I promise that my immediate thought when I read the Sims quote somewhere else yesterday is that another effective fiscal stimulus would be increased government consumption whether financed by future spending cuts, future taxes or even current taxes with no increase in the deficit ever.
I sense the long term damage done by Milton Friedman's rhetorical brilliance. Friedman somehow managed to redefine Keynesian stimulus as temporary tax cuts and not as temporary deficit financed spending increases (which is you know (at least I hope you know) the policy that Keynes actually advocated).
Sims makes it fairly clear that he is not considering spending increases. I don't know why. The statement "fiscal expansion ... requires deficits" is false for all existing macroeconomic models and makes no sense *unless* fiscal is interpreted to mean "based on taxes alone for given government spending".
DeLong is in the title for two reasons. First he remarked somewhere on the amazing success of Friedman's rhetorical trick (one among his many completely brilliant, unscrupulous and successful triks: others are saying that keeping the growth of the money supply constant via constant monetoriing and intervention is laissez faire, saying the Fed caused the great depression because he thinks the Fed could have countered the private sector crisis (as it tried to do in 2008 so the current evidence is that the Fed could have made the great depression a great recession), and pretending that prominent Keynesians claimed that the expectations unaugmented Phillips curve was stable). Second, he regularly has the effect on me that Sims had on Krugman when he writes things to the effect that *THE* solution to inadequate aggregate demand in a liquidity trap is to increase the supply of safe assets. I try to always comment that balanced budget fiscal expansion would also work without any increase in the supply of any assets. He always agrees until the next time he writes that.
There is something strange going on there in Berkeley & Jackson Hole . I am at least as confused as Paul Krugman (as is usual).
update: There is a third reason to put Brad in the title.

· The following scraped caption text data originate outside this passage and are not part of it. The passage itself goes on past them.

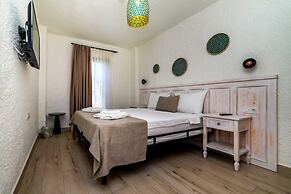 Cemal Alacati Butik Hotel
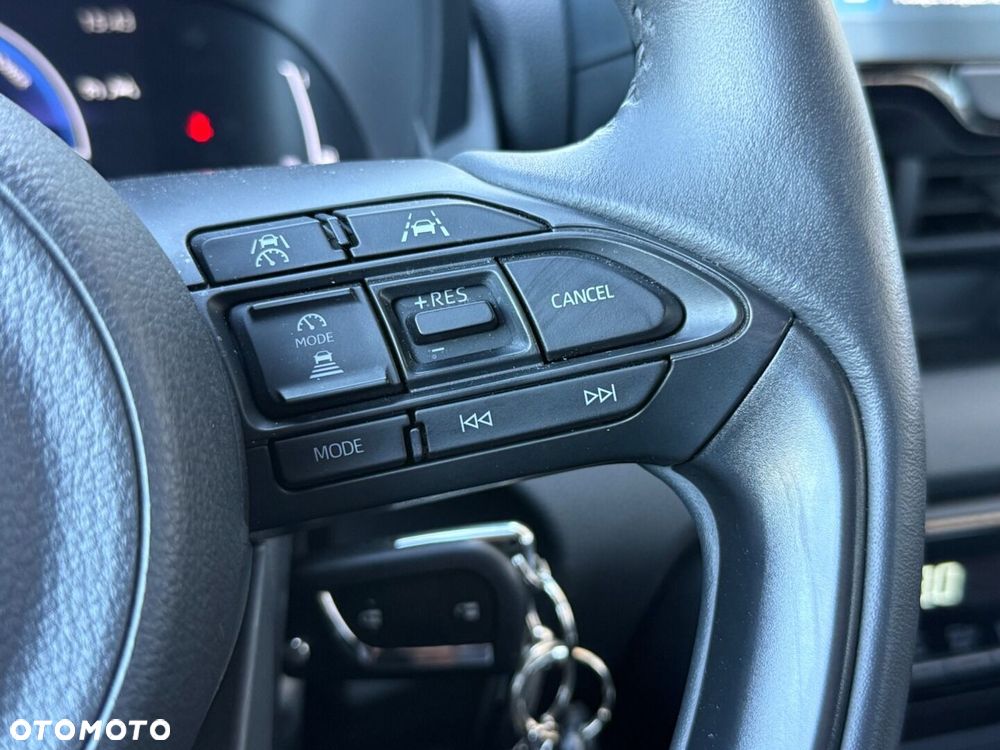 Toyota Yaris Hybrid 1.5 Style - 25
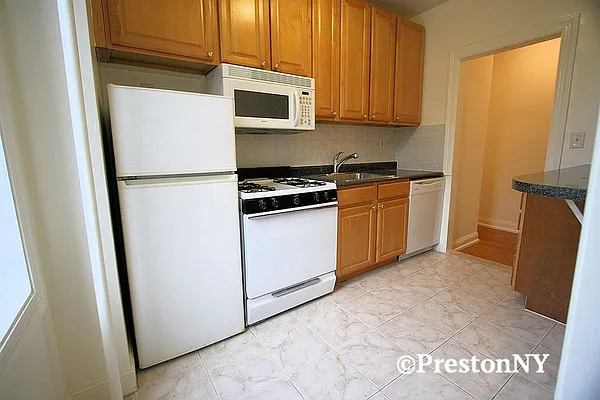 Rented by JM Preston Properties LLC | media 7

He wrote this post before I did, then added an interesting post with a model and all that. He usefully adds that Sims might also have considered a model in which there is government spending but GDP is defined as GDP-G, that is there is no fiscal stimulus do to increased spending if the multiplier is 1. It is indeed true that a lot of Ricardianoid arguments are based on the equation 1=0 in which "multiplier effects" mean a multiplier greater than 0 if one is discussing optimal policy and a multiplier greater than one if one is discussing the evidence. I hit post and *then* surfed over to Brad's blog (usually a mistake).